Issues get an eight-pack
The Hindi film industry has seen a great revamp in the last three years and the quality of cinema has changed for the good. This year, too, was witness to a mixed bag of films. As a pleasant surprise, films which got critical acclaim also caught the eyeballs.
In fact, you could safely call 2009 a year of issue-based films. There was Jail and then there was Paa. The reason why Indian cinema saw this shift from big banner, traditional blockbusters to socially relevant cinema is that people asked for a change. They didn’t just want to see films with only entertainment value but also wanted some social content in their entertainers. Like I always say, big budget, big banner films may be a hit but they are not necessarily good films, while a small film may not churn out the same amount at Box Office, but it may receive kudos.
To put things into perspective, I would like to give an example of my film Jail. It was a very different film and I am proud to have made it. It is one film that was appreciated by people from all walks of life.
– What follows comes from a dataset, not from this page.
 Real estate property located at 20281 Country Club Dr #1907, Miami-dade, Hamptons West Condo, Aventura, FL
Jail was a real film based on the Indian judicial system. It was about people reeling behind bars. Though the film could not generate the kind of response at Box Office I had expected it to, but it made up by generated a huge positive response from audiences.
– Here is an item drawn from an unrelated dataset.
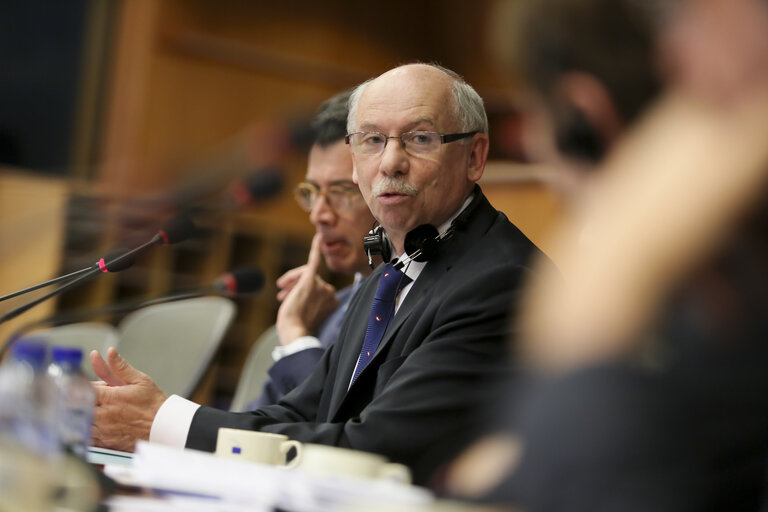 Nuotrauka 6: EU delegation for relations with Iran meet with Iranian Delegation at the EP in Brussels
LS Speaker Meira Kumar and till BJP leader LK Advani loved it and came out with tears in their eyes. Even though the film was made on a small budget, it showed the Indian jail system in its truest form. That is what today’s audiences want.
Going back to 2008, Naseeruddin Shah starer A Wednesday was an impactful movie. Simply made, it successfully tackled the concept of terrorism.
This year closes with Hirani’s 3 Idiots which I am wanting to watch. There has been a lot of buzz around it and fairly so. After all, it is an Aamir Khan film. Paa was also a pathbreaking film and I loved it for its content. So, just like 2008, this year also stands out for its stress on simple experiments, changed mindsets, technical excellence and strong, very strong content.
This was also the year as India got global acclaim through Oscars. The importance of Hollywood in Bollywood cannot be denied. Hollywood has always been the baap of Bollywood and we have always drawn inspiration from it. Indian filmmakers have picked up subjects and ideas from Hollywood. It has always been a part of us and the presence is only increasing by each passing year.
In all, 2009 has been the year of change in Hindi cinema. Films like Rock On and Fashion in 2008 have given viewers that extra something which the 150 TV channels do not give them at home. Audiences have become very ruthless today. After all, with so much entertainment happening at just a flick of a remote, they will come to the multiplex only for an extra edge to their entertainment quotient.
Indeed, Bollywood came a long way. Our films were technically stronger, so much so that they are increasingly reaching out to people in foreign lands too. They watch them for the love of our song and dance sequences, our colour schemes and our bevy of emotions.
Having said that, we are still not equipped enough to make films like Avatar in India. Even though it is two hours and 40 minutes long, the film is a 3D marvel. The imaging is superb and it just takes you to another world of fantasy. Moreover, for a film with such a huge budget ($500 million), we need to understand that Hollywood has a market across the world. English is a universal language which gives these films an edge over us. They also dub all their films in different languages like French, Russian, German etc, which generates a lot of additional revenue.
In that sense, Indian films get limited. All we have is an NRI community and a limited interested foreign crowd. In India itself, there is very less viewership in places like Tamil Nadu, Andhra Pradesh etc. Despite being Indian States, the demand for Hindi films is just not there. It’s practically impossible for India to make a film like Avatar which had been on the floor for 12 long years.
Talking about money, the Indian cinema business also saw a slump owing to recession. While 2008 was a good year, 2009 has been much below the expectations. A lot of films tanked at the Box Office, not because they weren’t good content-wise but because of the slowdown. I am positive, however, about 2010 and am keeping my fingers crossed as a lot of good films are awaiting release next year.
2009 also lost on business because of the much-publicised producer-multiplex face-off, owing to which there were no releases for three months. And when the strike was called off, a pile-up happened. There was no breathing space at the multiplexes with films being released in quick succession. For example, when Jail released, it did not open to a good audience but gained on popularity through the word of mouth. People wanted to watch it but the very next week it was out of theatres because there were other releases. Cinema halls just could not hold on to one film for a very long time. Similar was the case with Sankat City which was a great film but by the time people got to know about it, it was nowhere to be seen.
Year 2009 was also the year of young actors like Neil Nitin Mukesh, Ranbir Kapoor, Shahid Kapur and Imran Khan. This new brigade is creating a niche for itself and has made work speak for it. Their performances have been appreciated and I am very happy for them. But that doesn’t mean that there is no place for the likes of SRK or Aamir. When Sanjay Dutt, Sunny Deol, Anil Kapoor and Jackie Shroff ruled screen space, there came a time for newer generation like Aamir, SRK and Salman, and they all co-existed. So is the case with SRK, Aamir and Ranbir, Neil and Shahid. There is a place for everyone under the sun.